:: DATA RECORDS ::
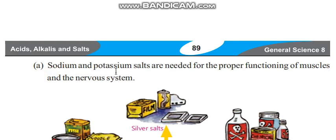Sodium and potassium salts are needed for the proper functioning of muscles and nervous system. If your body has a deficiency, your nervous system will not work properly.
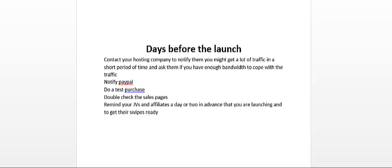So I highly recommend that you notify PayPal in advance. What I did was I called them and I emailed them a few days in advance.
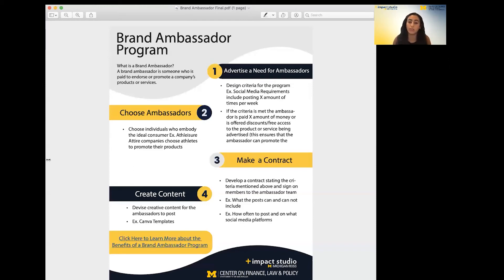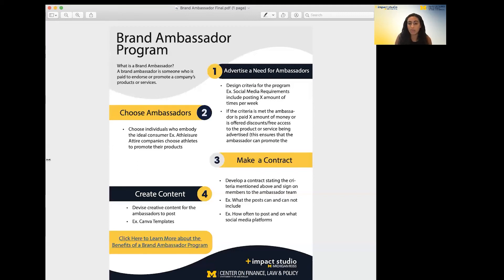I recommend offering a few free products or services to this ambassador so they know how it works and so they have material to post on their site from personal experiences, or to show off in the form of a picture or video. Once this is done, I recommend creating preset content for the ambassador. You can do that using Canva, which will be addressed in a different video and guide on this website. I also recommend that this content is posted on various social media platforms, which you can learn more about on the website.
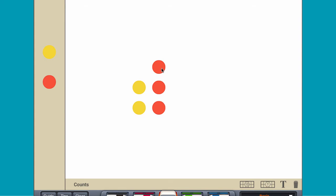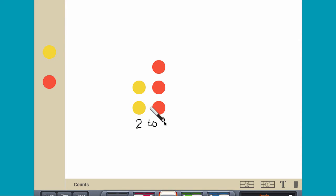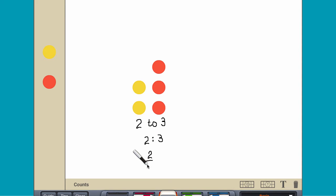The ratio of yellow to red counters can be written using words, a colon, or a fraction.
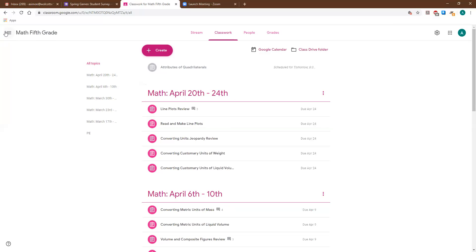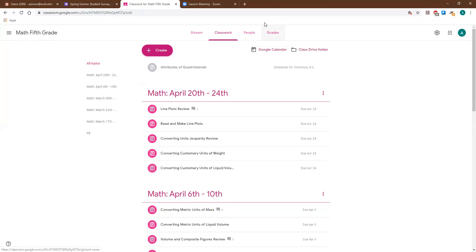I'll also post the video of the to-do list in case you were not able to join us for the math lesson and you did not see that. I hope that this was helpful and let me know if you have any questions about this or some feedback on whether this helped you find your missing assignments or not. Thanks guys, have a good day!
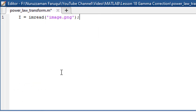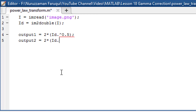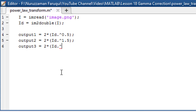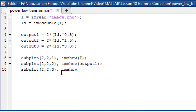First, load the image, then convert the image into double data type. The mathematical operations we are going to perform on images require double data type, so we must do it. The power of the first output is 0.5, for the second output it is 1.5, and the power of the last image is 3. We use MATLAB's subplot function and the imshow function to show the results.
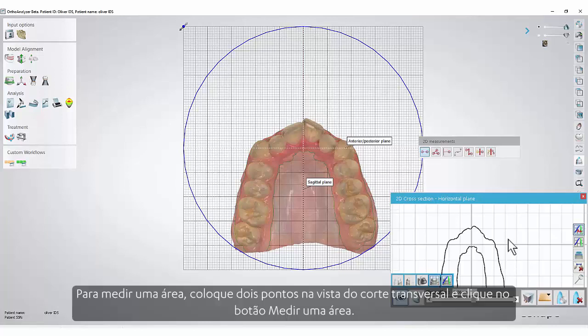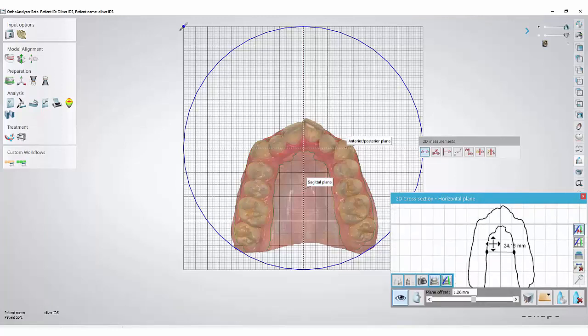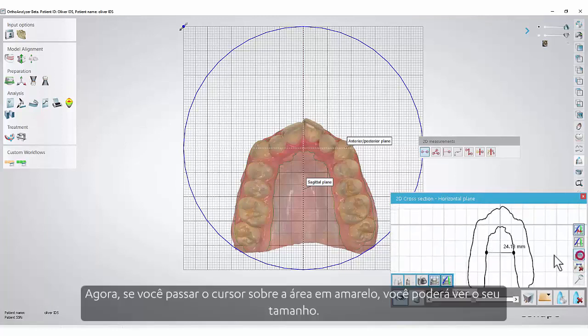In order to measure an area, put two points on the cross-section view and click the Measure an Area button. Now, if you hover the cursor over the yellow area, you will be able to see the size of it.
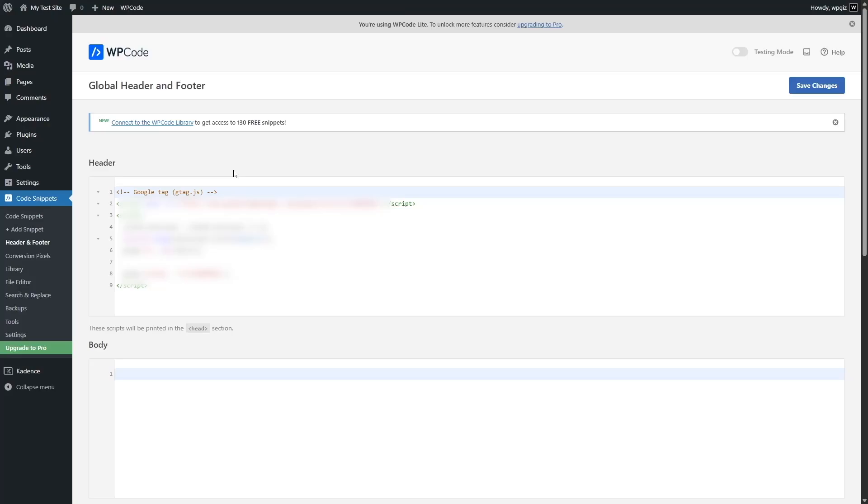Now you can follow this same method to add the codes to your WP header. That's enough for today. So thank you for watching. See you next time.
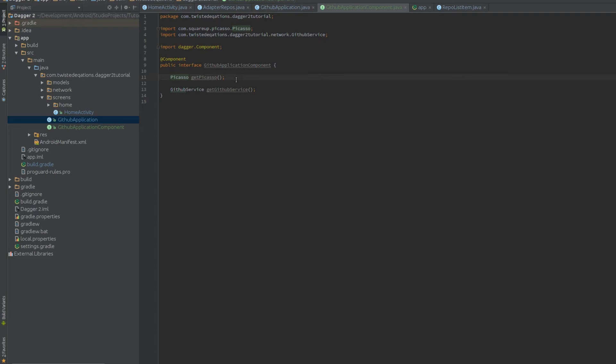So basically what happens now is when we build this, Dagger will generate an instance of the component and look at this and go, this is a Dagger component. It will generate an instance of this, so it'll actually subclass this and generate a subclass by itself. We'll have a look into it in a minute.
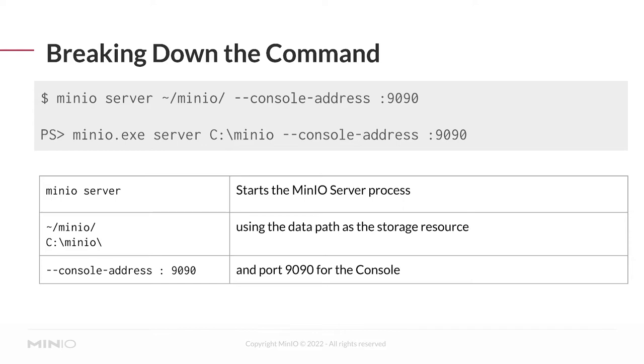For Windows users, the only real difference here is that you have .exe. We have to specify a path to the folder to use. This does have to be an empty folder path for things to work. You cannot specify a folder that has existing data inside of it, unless that data was already created within the context of a single-node single-drive MinIO deployment.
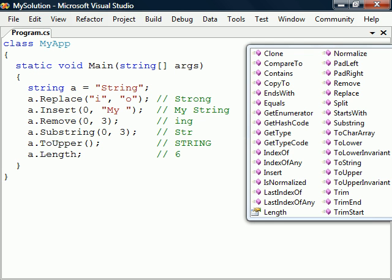An important thing to note however is that these methods return a completely new string. This is because the string class is immutable. Its content cannot be changed unless the whole string is replaced.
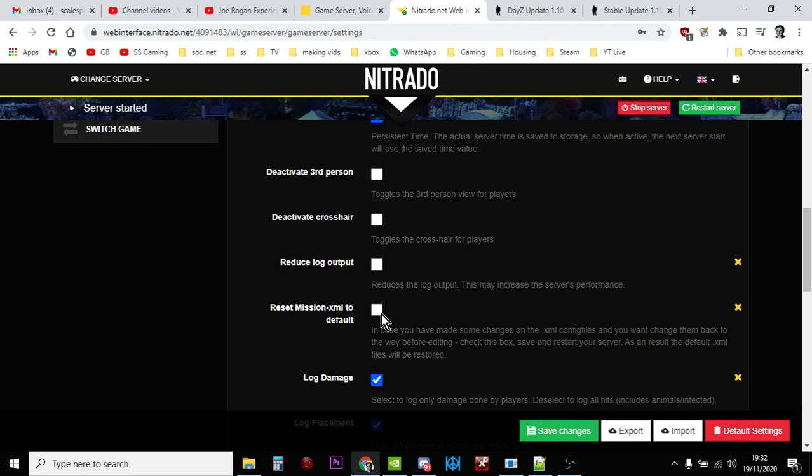So all that stuff will go and it will go back to the vanilla files that have the trucks in, that has the flare gun in, that has the new monkey wrench, all that sort of stuff. But it will get rid of your modded XML files, so please download them and back them up first so you've got them for reference when you update your servers.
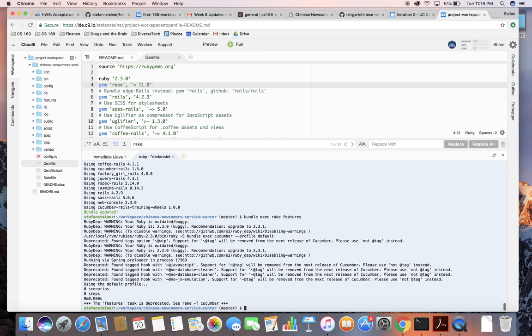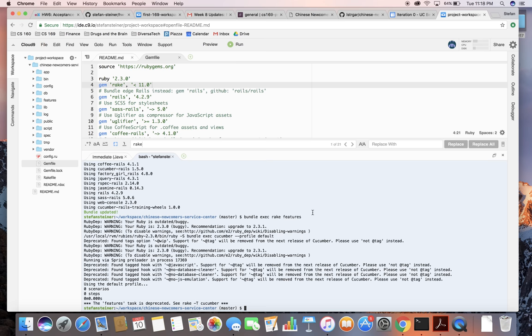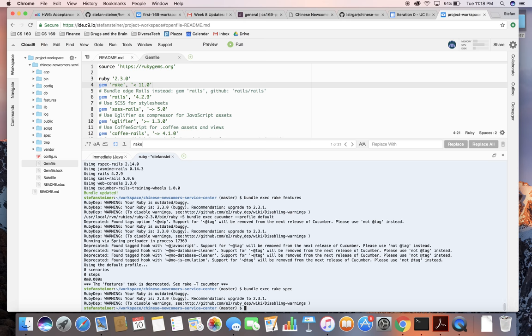We're not married to Ruby 2.3 yet, but that's currently what our app is running on. Here's the second command — no errors. Alright, thanks for watching.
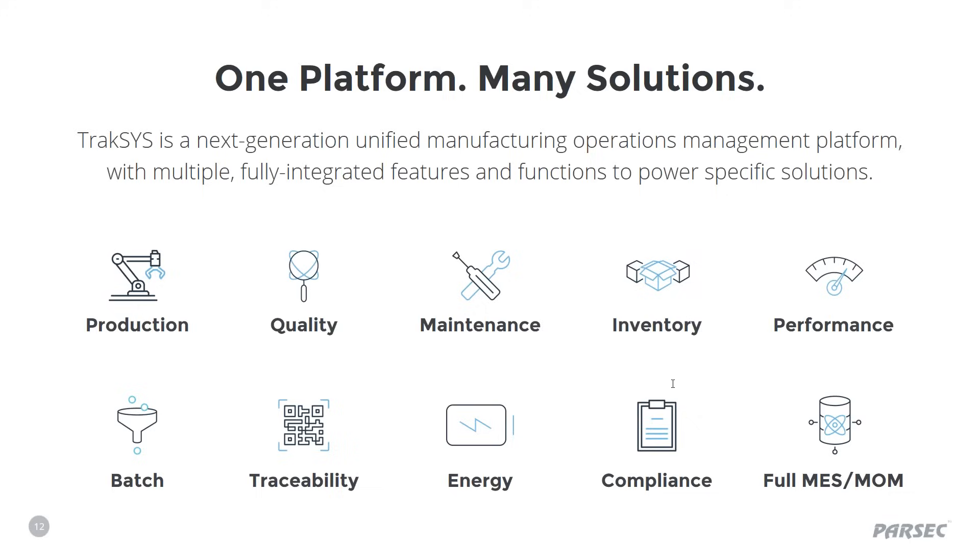So, with that, we're going to jump into the Q&A portion of the webinar. Feel free to enter your questions in the GoToWebinar console on the right. If there's any questions we don't get to, we'll be sure to make answers available to everybody, along with the recording of the webinar following this webinar.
:::
### [EXERCISE OBJECTIVE]
Using the data above, set down each line from the line with "Now you can" to the line with "An important thing" exactly, both ends included, and leave the pictures behind. Nothing else belongs.

### [YOUR RESPONSE]
Now you can follow this same method to add the codes to your WP header. That's enough for today. So thank you for watching. See you next time.
So basically what happens now is when we build this, Dagger will generate an instance of the component and look at this and go, this is a Dagger component. It will generate an instance of this, so it'll actually subclass this and generate a subclass by itself. We'll have a look into it in a minute.
For Windows users, the only real difference here is that you have .exe. We have to specify a path to the folder to use. This does have to be an empty folder path for things to work. You cannot specify a folder that has existing data inside of it, unless that data was already created within the context of a single-node single-drive MinIO deployment.
An important thing to note however is that these methods return a completely new string. This is because the string class is immutable. Its content cannot be changed unless the whole string is replaced.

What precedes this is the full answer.